● Available data
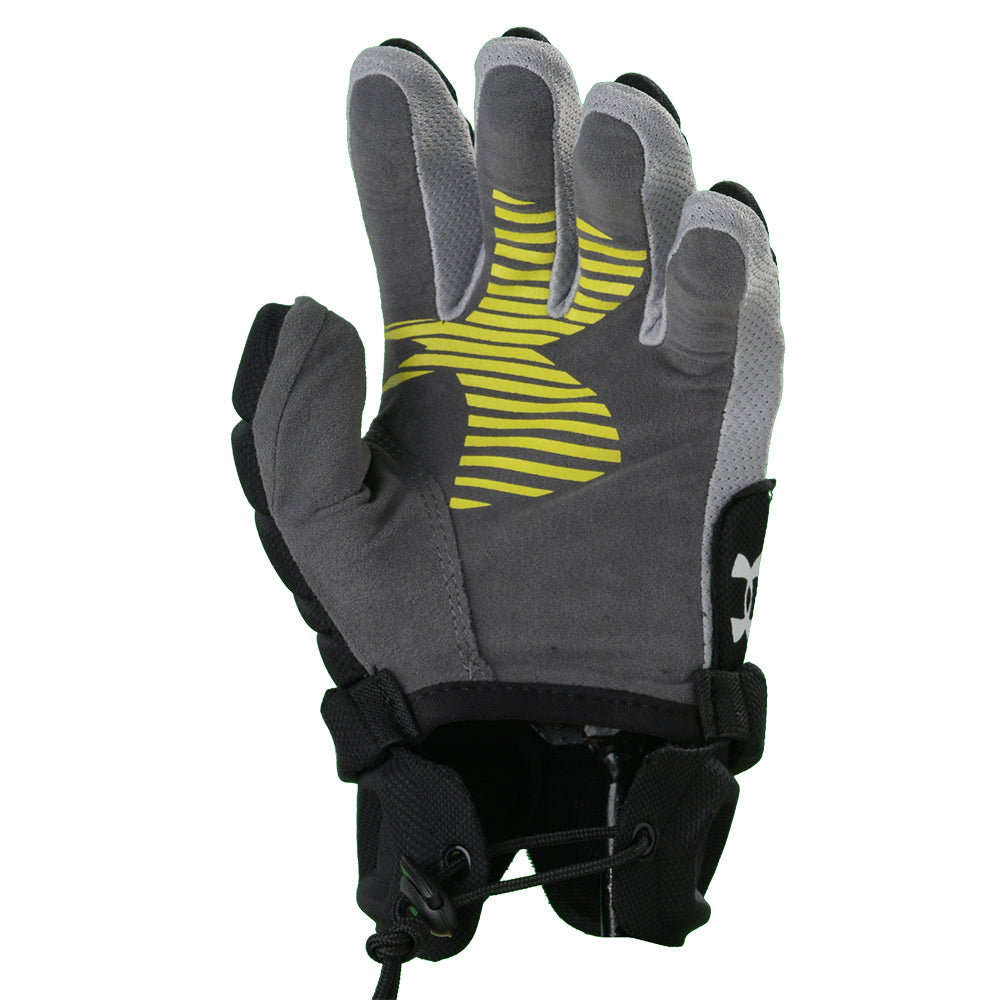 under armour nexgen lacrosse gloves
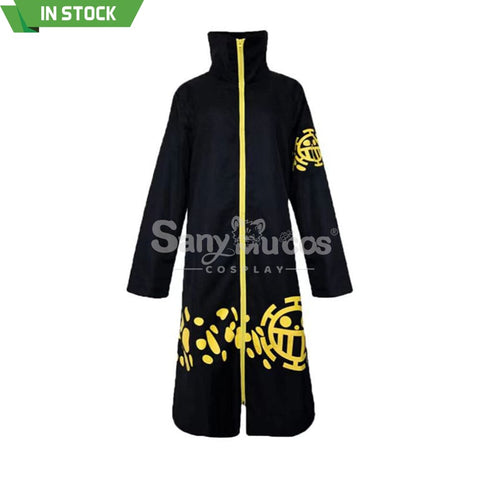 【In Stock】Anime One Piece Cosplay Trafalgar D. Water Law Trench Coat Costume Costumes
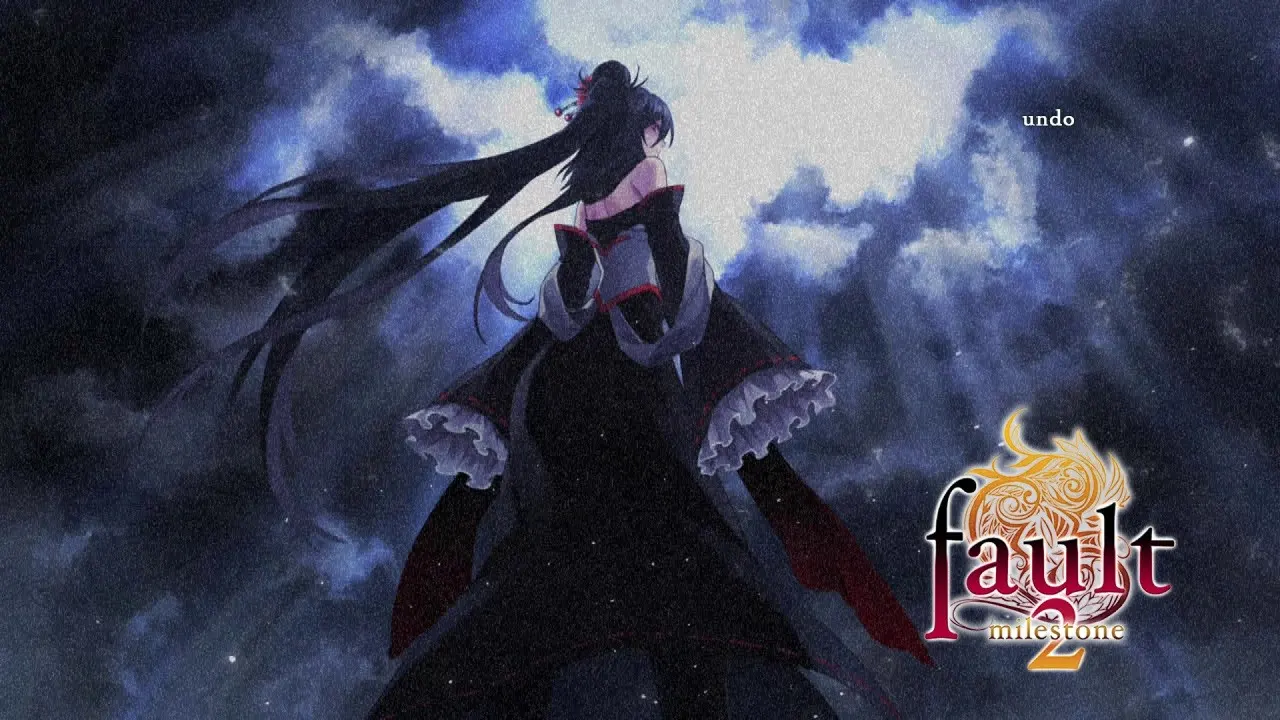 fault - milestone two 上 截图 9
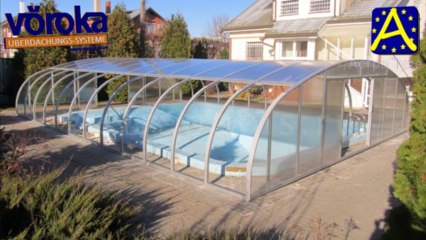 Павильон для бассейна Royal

● The problem
Could you print the listing above word for word, without its pictures?

● Answer to this problem
 under armour nexgen lacrosse gloves
 【In Stock】Anime One Piece Cosplay Trafalgar D. Water Law Trench Coat Costume Costumes
 fault - milestone two 上 截图 9
 Павильон для бассейна Royal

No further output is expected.